Cut the radish thin, the zucchini thick, and the tofu into spoon-size cubes. Keep the cheonggukjang separate from the other seasonings. Measure 170 grams now. If the beans are very whole, press them lightly with a spoon, but leave some texture because those beans are part of the dish.
Heat the oil in a ttukbaegi or heavy 2-quart pot over medium heat. Add the pork and cook 2 to 3 minutes, just until the edges lose their raw color and a little fat renders. Add the chopped kimchi and kimchi brine and stir 3 minutes, until the kimchi looks glossy and deepened. Frying sour kimchi first rounds its sharpness and lets the pork fat carry it through the stew.

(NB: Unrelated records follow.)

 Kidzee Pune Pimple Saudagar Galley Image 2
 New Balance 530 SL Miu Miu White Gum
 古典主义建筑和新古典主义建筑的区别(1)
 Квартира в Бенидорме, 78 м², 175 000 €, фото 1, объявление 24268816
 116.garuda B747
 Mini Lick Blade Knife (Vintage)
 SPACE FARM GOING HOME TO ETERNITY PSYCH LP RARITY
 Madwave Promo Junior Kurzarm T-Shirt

Pour in the strained broth, then add the radish and onion. Dissolve the doenjang into the liquid and add the gochugaru if you are using it. Simmer 7 to 8 minutes, until the radish edges turn translucent. The doenjang goes in early because it can handle the simmer and gives salt without forcing you to overcook the cheonggukjang.
Add the zucchini, tofu, and minced garlic. Simmer 4 to 5 minutes, just until the zucchini is tender but still green and the tofu is warmed through. Taste the broth now. It should be slightly underseasoned, because the cheonggukjang still has to enter the pot.

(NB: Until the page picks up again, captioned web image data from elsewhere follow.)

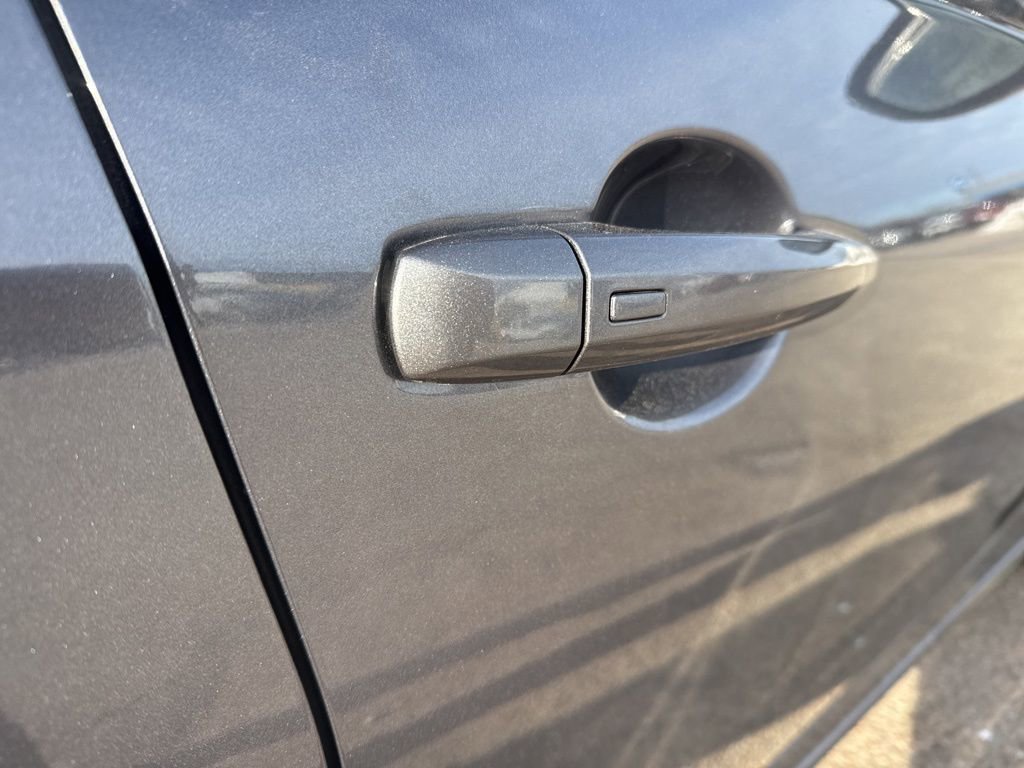 Used 2024 Nissan Altima 2.5 SR FWD image 35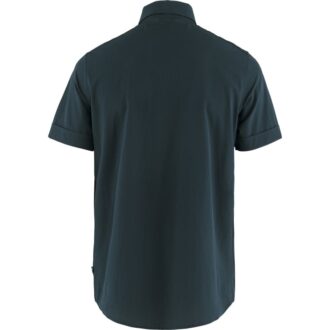 Abisko Trekking-Hemd Ss M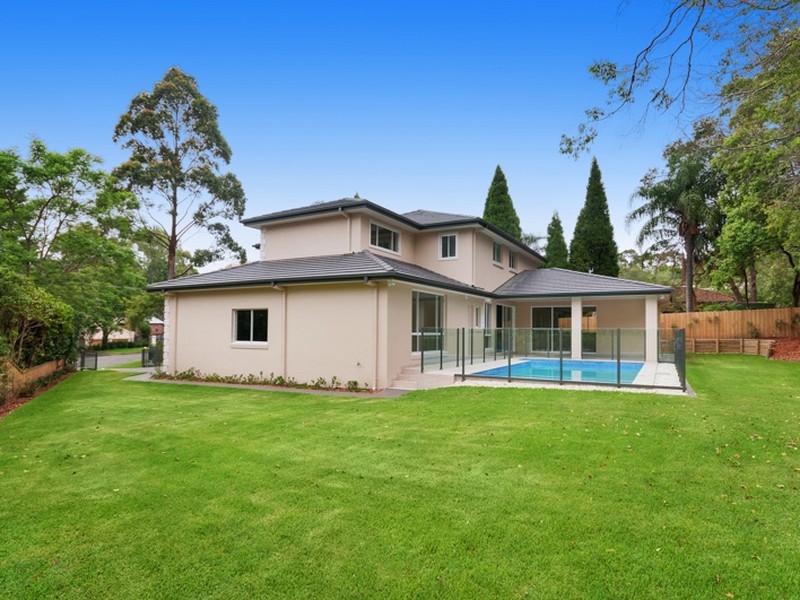 14 Tallong Place, Turramurra NSW 2074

Turn off the heat. Scoop 1/2 cup hot broth into a small bowl and mash the cheonggukjang into it until loose, then stir it back into the pot. Return the pot to low heat only until the edge trembles and a few bubbles appear, 1 to 2 minutes. Do not let it roll into a hard boil. Cheonggukjang is not doenjang; long boiling drives its nutty smell into harshness.
Scatter in the green chili, red chili if using, and scallions. Taste once more and add up to 1/4 teaspoon salt only if the broth tastes flat. Let the stew sit 2 minutes off the heat, then carry the pot to the table with hot rice. If the flavor feels strong, rice is the answer, not sugar.